Task requirements: Please reproduce the lines of the records below from the one holding "NEDERLANDS, ENGELS, REKENEN" through the one holding "eBook | Sack Fachmedien", inclusive, skipping all pictures.

Given entries:
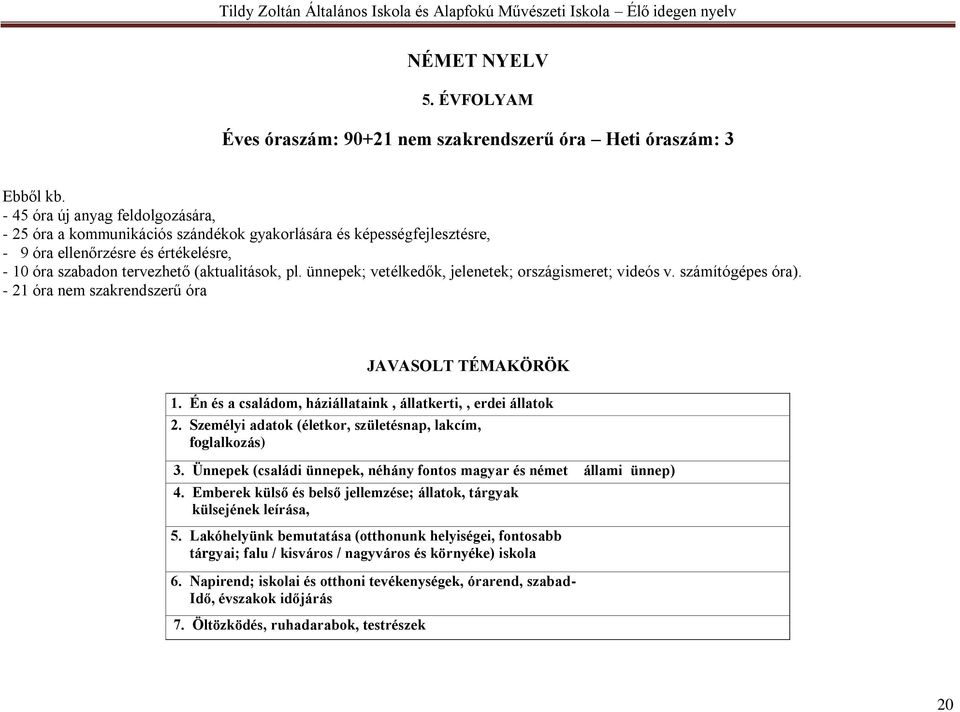 ünnepek; vetélkedők, jelenetek; országismeret; videós v. számítógépes óra). - 21 óra nem szakrendszerű óra JAVASOLT TÉMAKÖRÖK 1. Én és a családom, háziállataink, állatkerti,, erdei állatok 2.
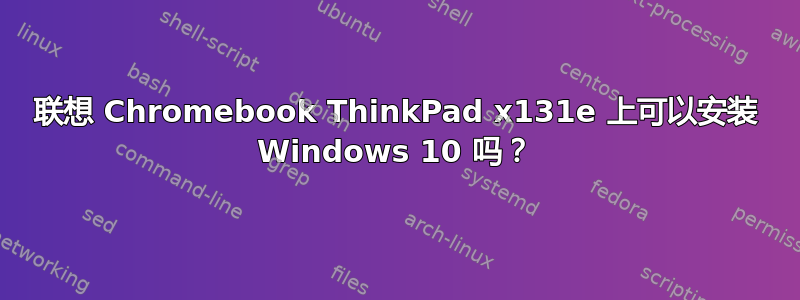 联想 Chromebook ThinkPad x131e 上可以安装 Windows 10 吗？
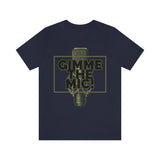 "Gimme The Mic!" Short Sleeve Tee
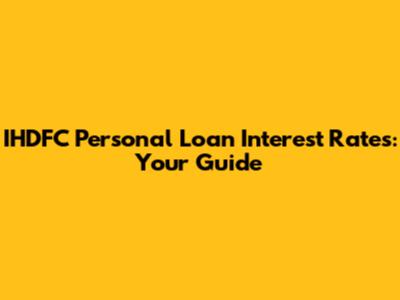 IHDFC Personal Loan Interest Rates: Your Guide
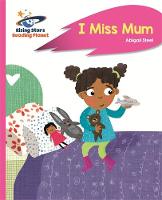 Abigail Steel - Reading Planet - I Miss Mum - Pink B: Rocket Phonics - 9781471879906 - V9781471879906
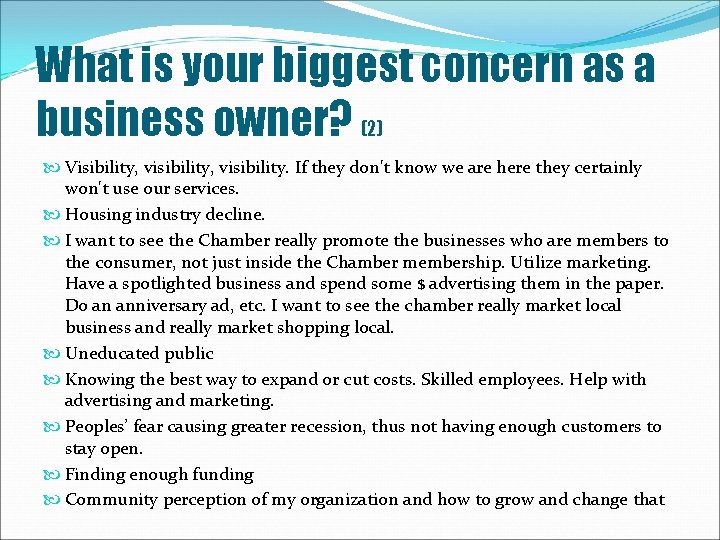 What is your biggest concern as a business owner? (2) Visibility, visibility. If they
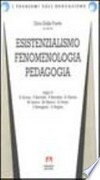 Esistenzialismo, fenomenologia, pedagogia /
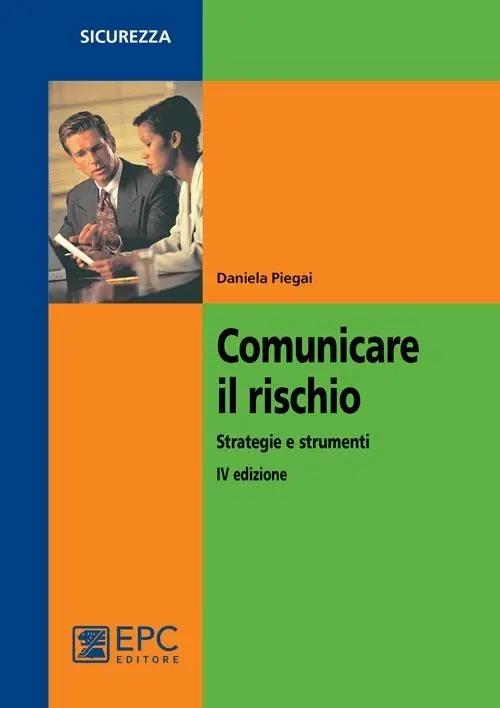 Comunicare il rischio. Strategie e strumenti Occasione Imperdibile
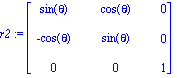 r2 := matrix([[sin(theta), cos(theta), 0], [-cos(theta), sin(theta), 0], [0, 0, 1]])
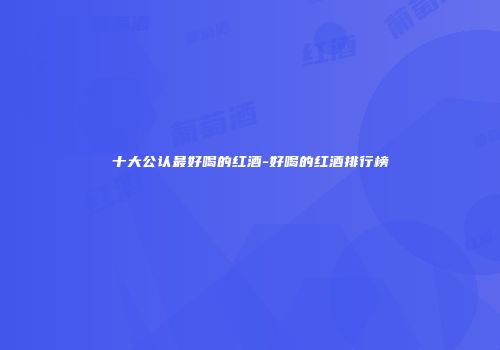 十大公认最好喝的红酒-好喝的红酒排行榜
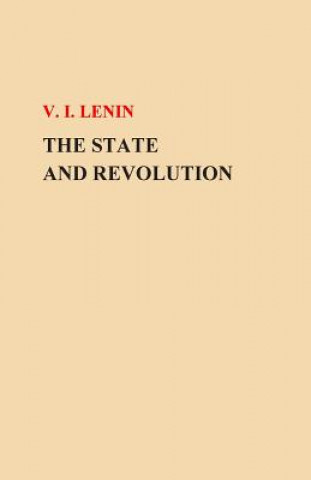 Книга The State and Revolution V I Lenin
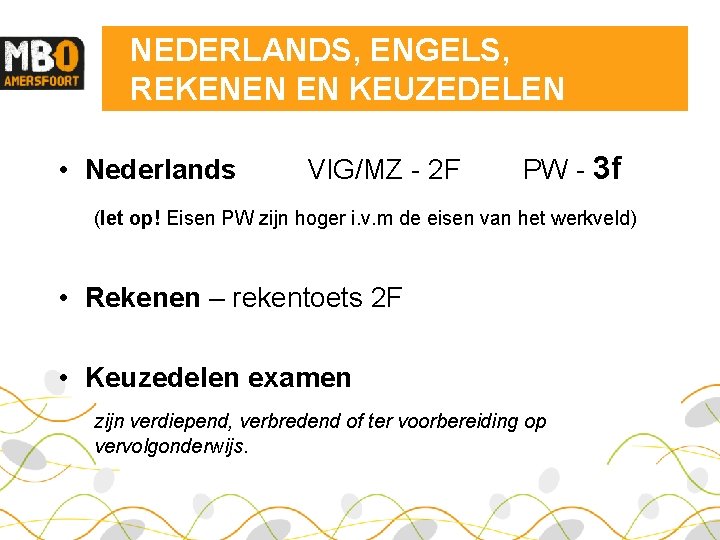 NEDERLANDS, ENGELS, REKENEN EN KEUZEDELEN • Nederlands VIG/MZ - 2 F PW - 3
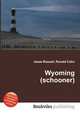 Wyoming (schooner), Jesse Russell,Ronald Cohn 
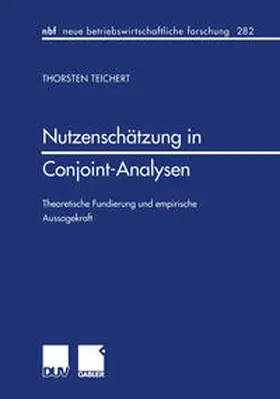 Teichert |  Nutzenschätzung in Conjoint-Analysen | eBook | Sack Fachmedien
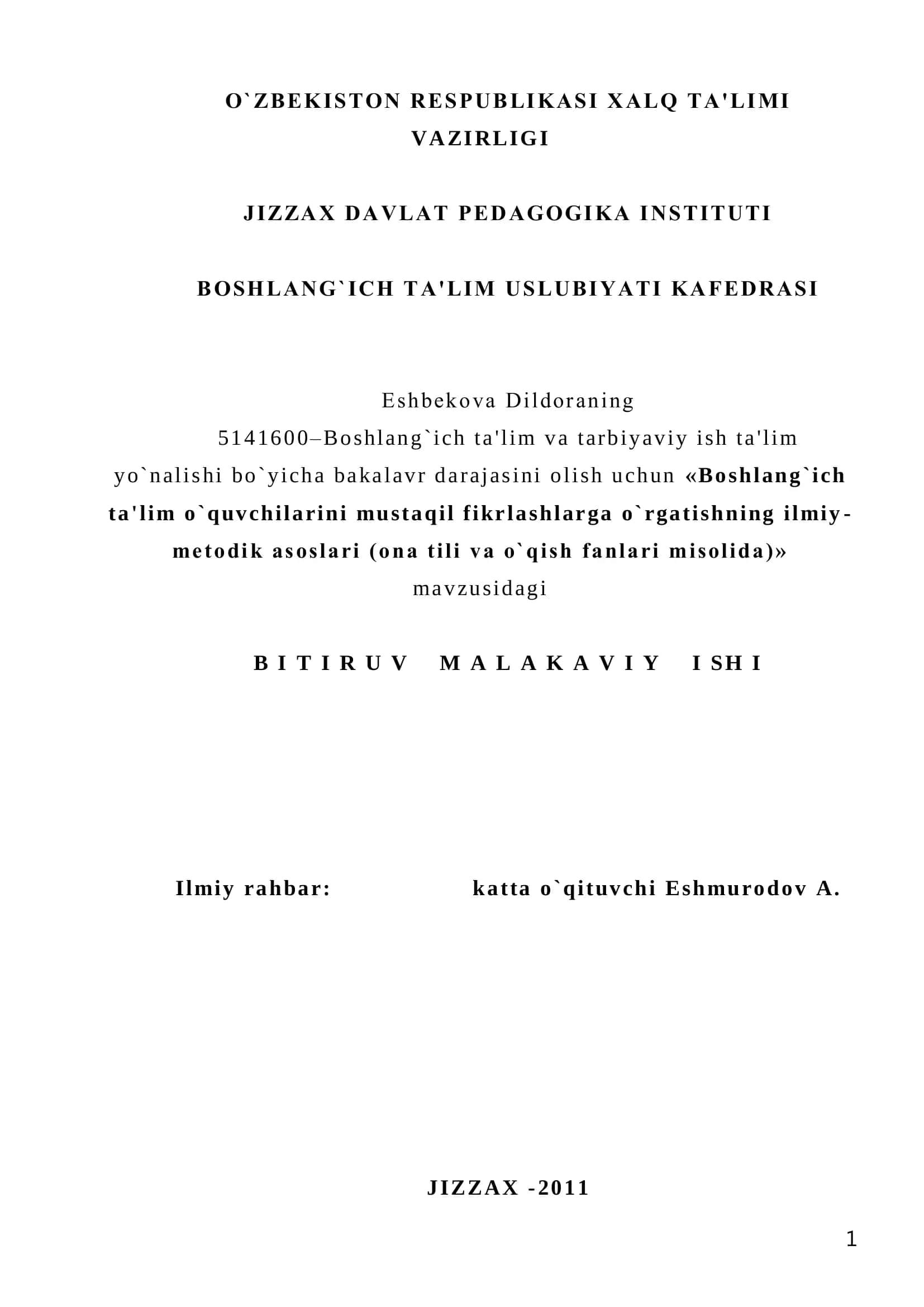 «Boshlang`ich ta'lim o`quvchilarini mustaqil fikrlashlarga o`rgatishning ilmiy-mеtodik asoslari (ona tili va o`qish fanlari misolida)»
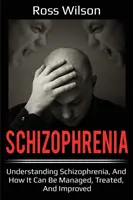 Schizofrenia: Zrozumieć schizofrenię i jak można nią zarządzać, leczyć i poprawiać jej stan - Schizophrenia: Understanding Schizophrenia, and how it can be managed, treated, and improved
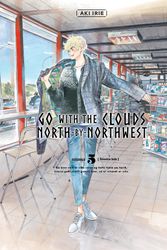 Cover Art for 9781949980714, Go with the Clouds, North-by-Northwest, volume 5 by Aki Irie
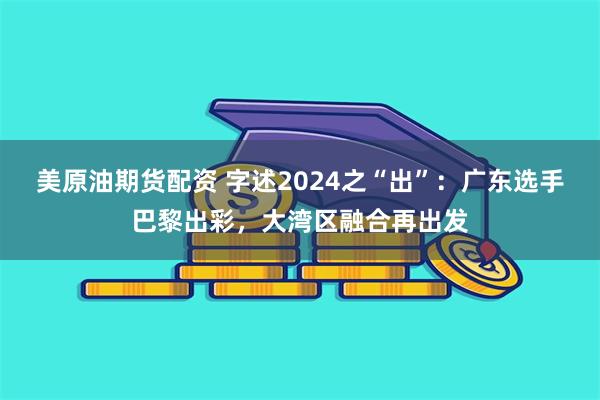 美原油期货配资 字述2024之“出”：广东选手巴黎出彩，大湾区融合再出发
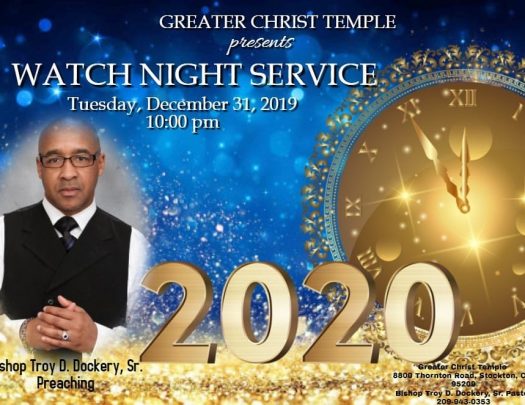 Greater Christ Temple Watch Night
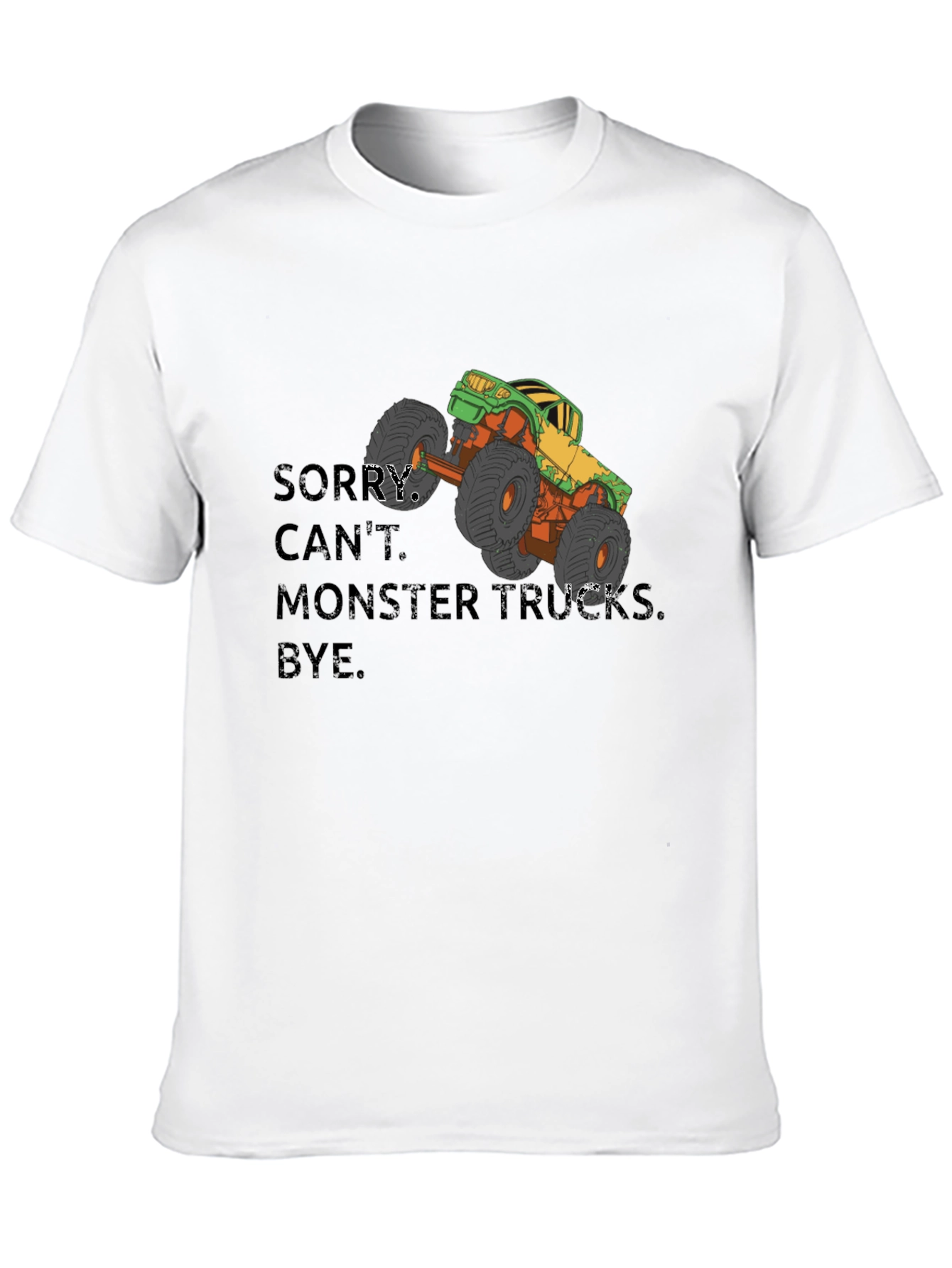 Monster Truck Graphic T-Shirt - Sorry Cant Bye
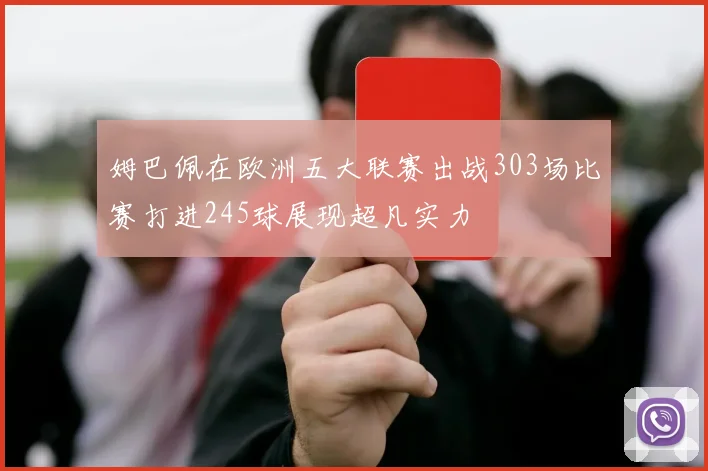 姆巴佩在欧洲五大联赛出战303场比赛打进245球展现超凡实力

Your solution:
 NEDERLANDS, ENGELS, REKENEN EN KEUZEDELEN • Nederlands VIG/MZ - 2 F PW - 3
 Wyoming (schooner), Jesse Russell,Ronald Cohn 
 Teichert |  Nutzenschätzung in Conjoint-Analysen | eBook | Sack Fachmedien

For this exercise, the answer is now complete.